## Activity:
As you print the data below, keep every line exactly as it is and leave the images behind.

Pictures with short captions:
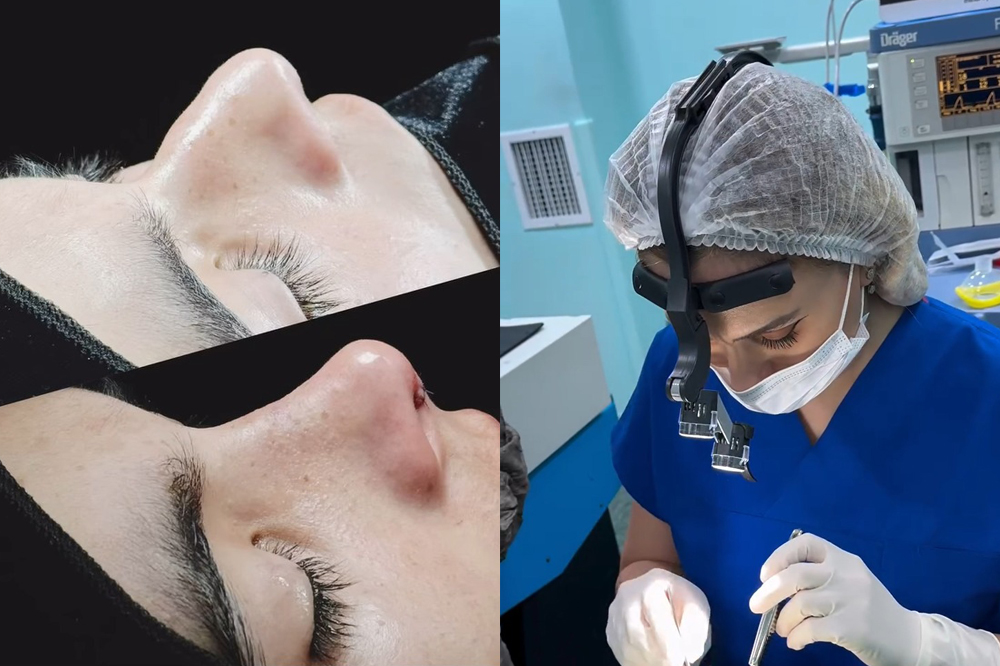 Rinoplastika: Daha təhlükəsiz və təbii yanaşma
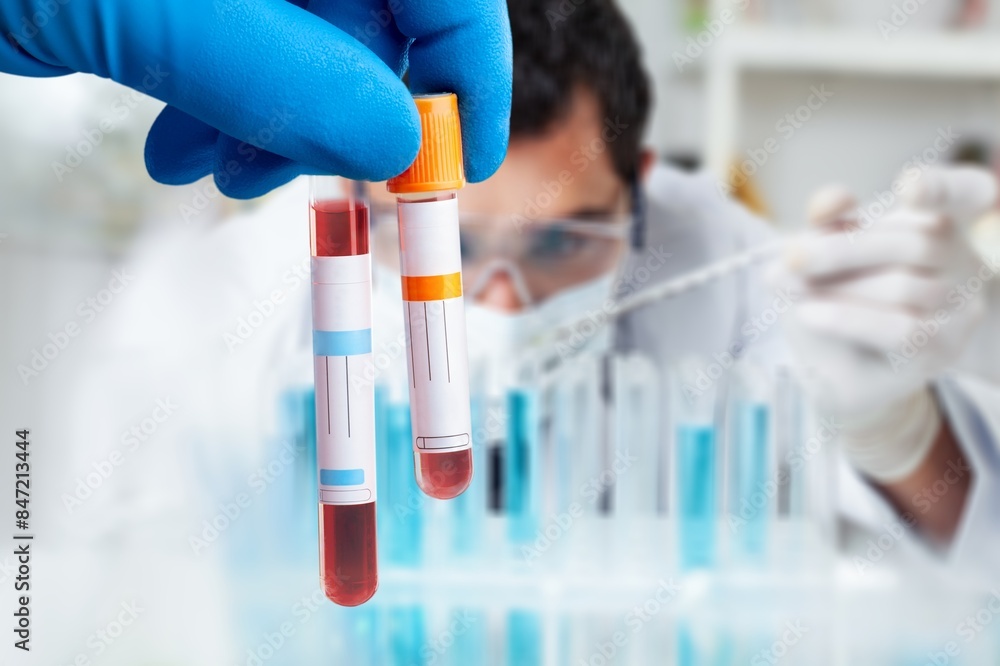 Doctor holding blood sample in test tube Doctor holding blood sample in test tube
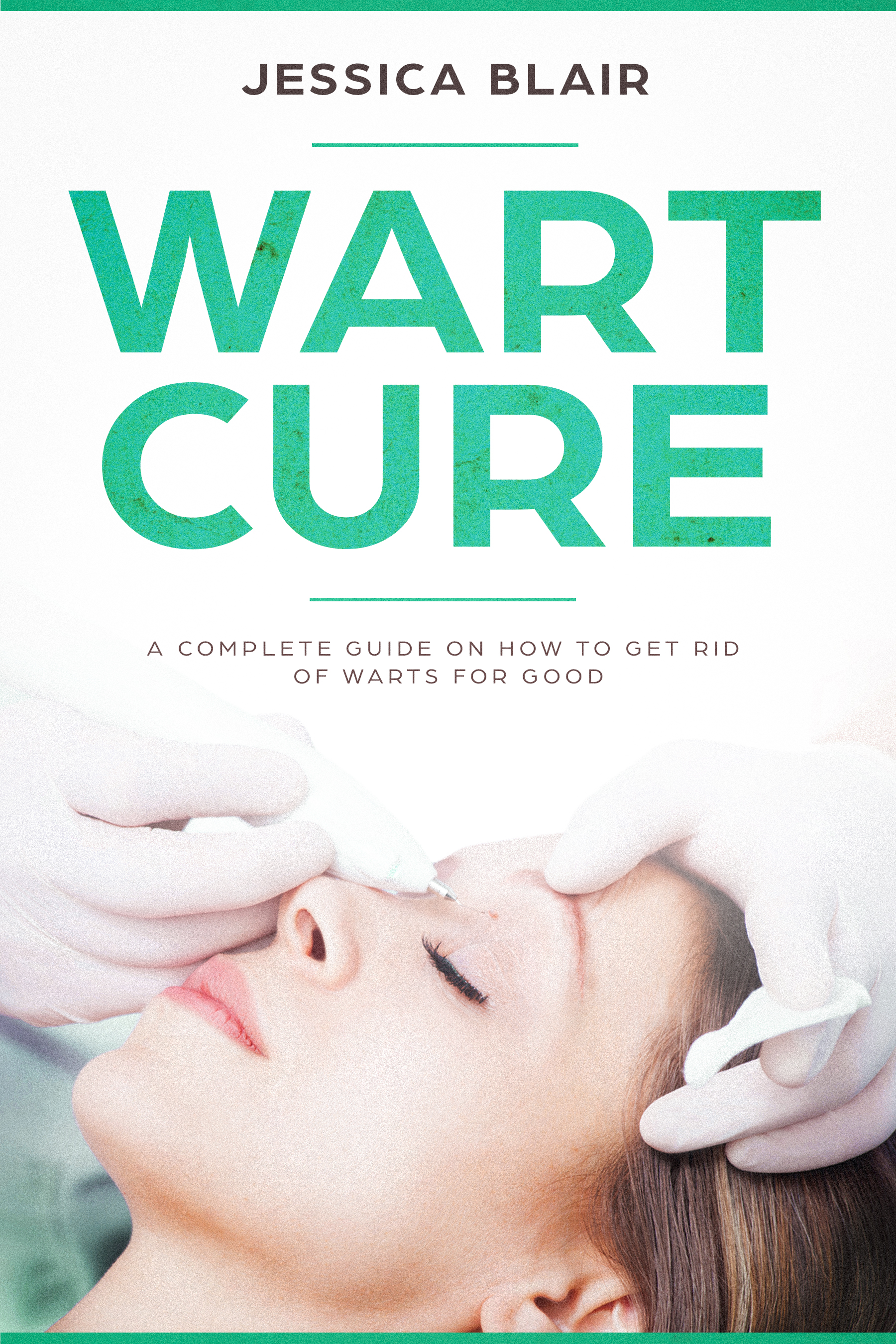 wart cure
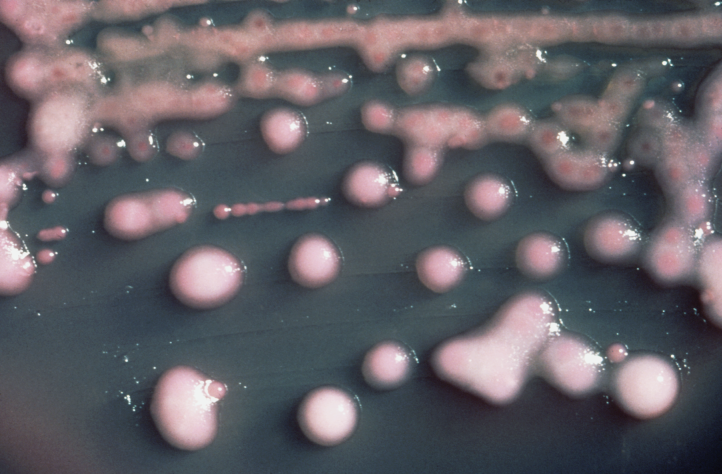 Superbakteria klebsiella pneumoniae
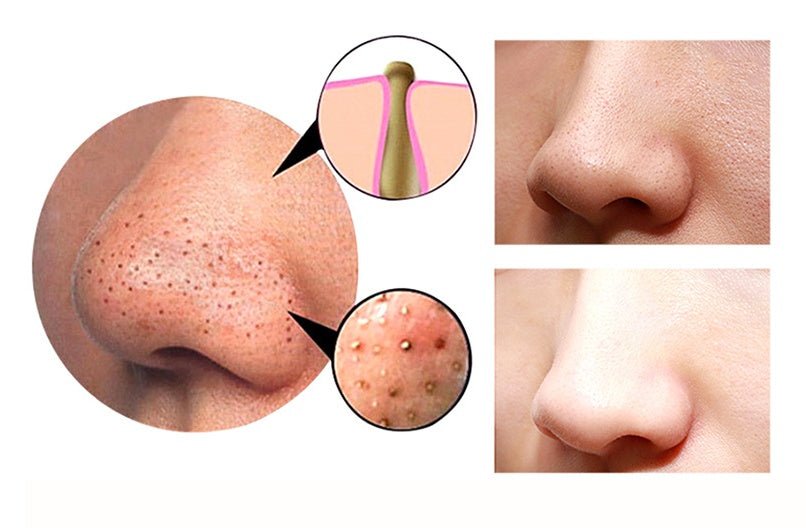 4-in-1 Blackhead Remover - Guasha Cupping Facial Pore Cleansing Device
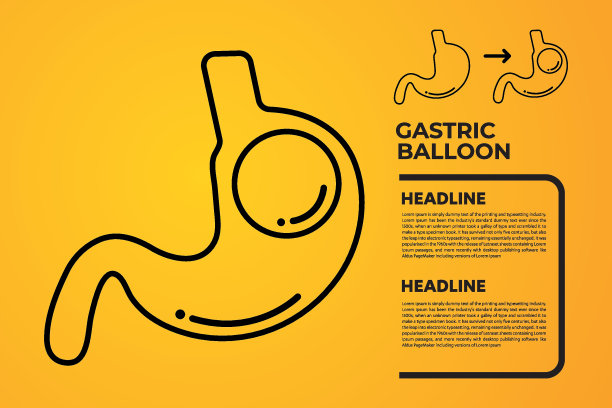 胃内窥镜胃内球囊减重手术载体插图肥胖图片下载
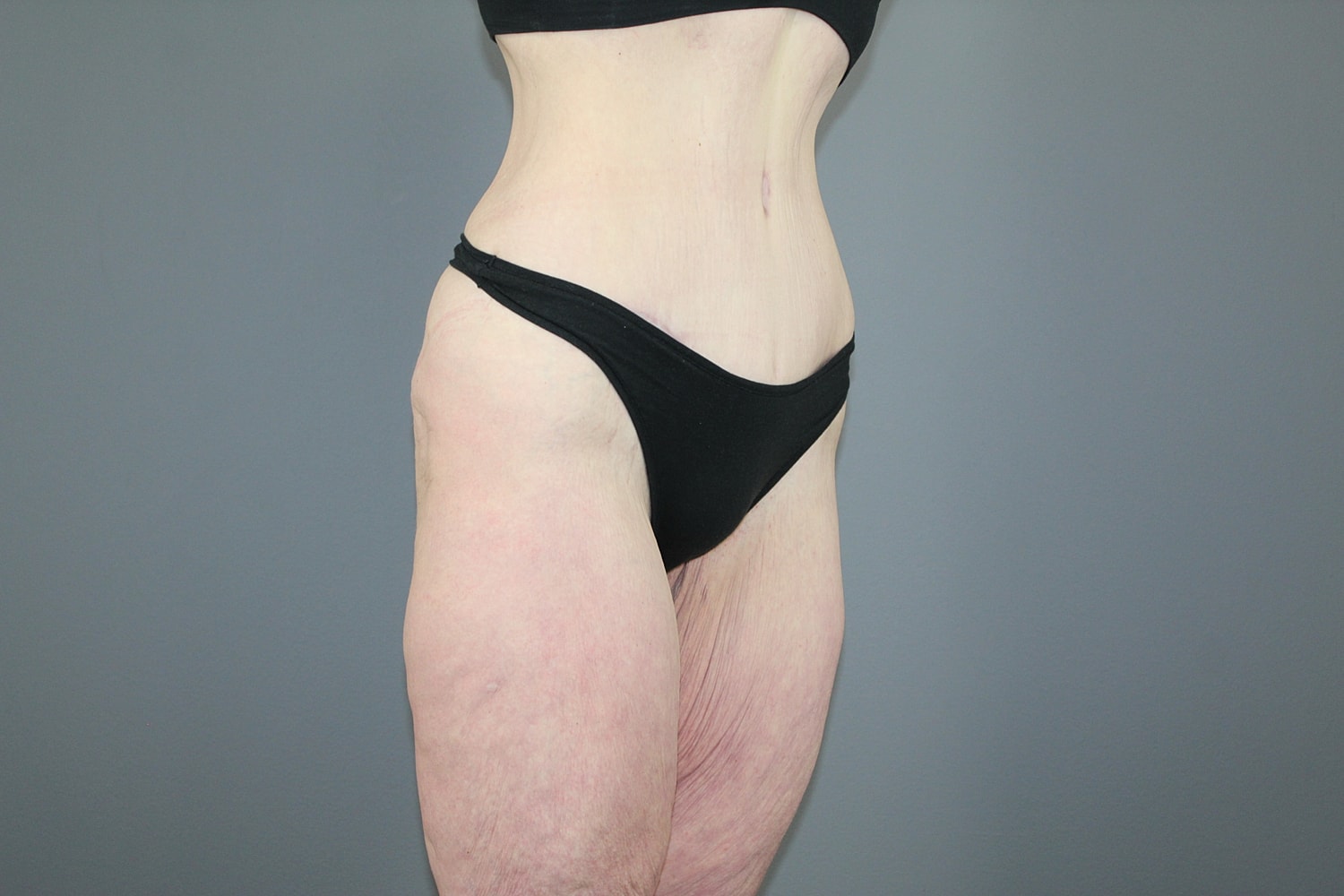 Tummy Tuck Before & After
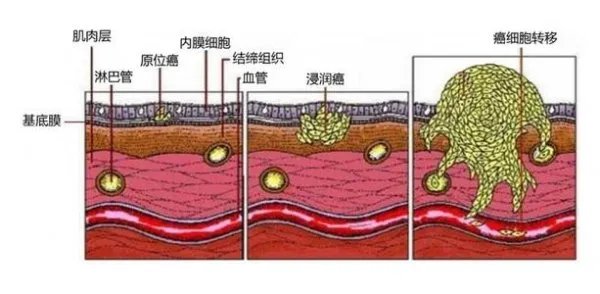 ct2nomo代表什么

## Solution to this problem:
 Rinoplastika: Daha təhlükəsiz və təbii yanaşma
 Doctor holding blood sample in test tube Doctor holding blood sample in test tube
 wart cure
 Superbakteria klebsiella pneumoniae
 4-in-1 Blackhead Remover - Guasha Cupping Facial Pore Cleansing Device
 胃内窥镜胃内球囊减重手术载体插图肥胖图片下载
 Tummy Tuck Before & After
 ct2nomo代表什么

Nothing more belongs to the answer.